### YOUR INSTRUCTIONS
Starting with the line that contains "Esto me suena...En la cocina" and ending with the final line of the data below, print those lines exactly and nothing else.

[Excerpts from a dataset]

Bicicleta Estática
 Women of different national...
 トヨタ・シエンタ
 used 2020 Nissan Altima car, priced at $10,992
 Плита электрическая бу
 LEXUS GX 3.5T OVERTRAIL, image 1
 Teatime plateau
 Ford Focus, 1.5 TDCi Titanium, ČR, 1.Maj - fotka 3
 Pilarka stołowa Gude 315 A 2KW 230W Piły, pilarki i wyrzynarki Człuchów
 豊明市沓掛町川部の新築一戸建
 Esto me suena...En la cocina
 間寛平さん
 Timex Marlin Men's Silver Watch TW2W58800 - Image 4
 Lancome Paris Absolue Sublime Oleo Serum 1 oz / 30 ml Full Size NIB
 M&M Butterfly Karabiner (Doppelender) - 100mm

### SOLUTION TO THIS PROBLEM
 Esto me suena...En la cocina
 間寛平さん
 Timex Marlin Men's Silver Watch TW2W58800 - Image 4
 Lancome Paris Absolue Sublime Oleo Serum 1 oz / 30 ml Full Size NIB
 M&M Butterfly Karabiner (Doppelender) - 100mm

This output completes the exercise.